Information supplied:
------------------------
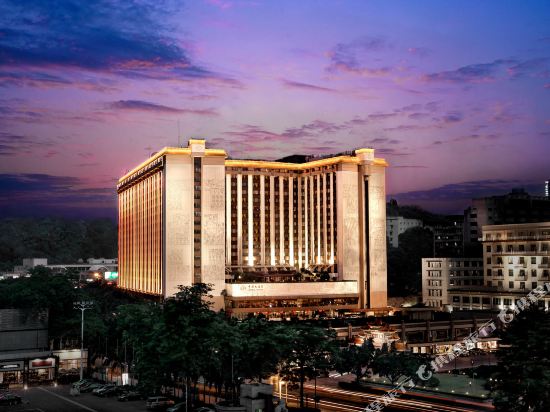 Hotels In Guangzhou Railway Station And Yuexiu Park Area - 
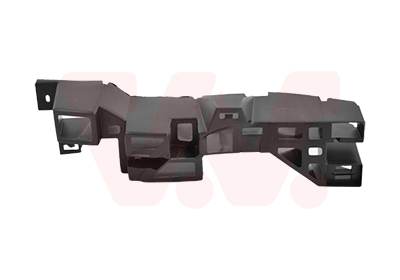 Bumper schokdemper Van Wezel 1509535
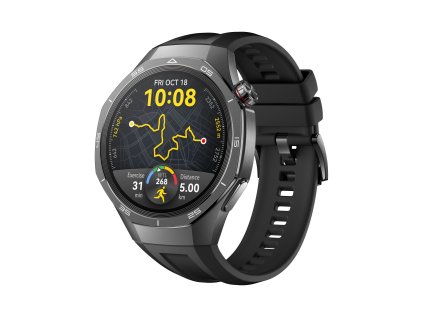 huawei watch gt5 pro 46 mm cerne ien530627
------------------------
About this exercise: Restate verbatim the lines that begin at the one holding "Bumper schokdemper Van Wezel 1509535" and end at the last line of the material. Exclude pictures.

Written answer:
 Bumper schokdemper Van Wezel 1509535
 huawei watch gt5 pro 46 mm cerne ien530627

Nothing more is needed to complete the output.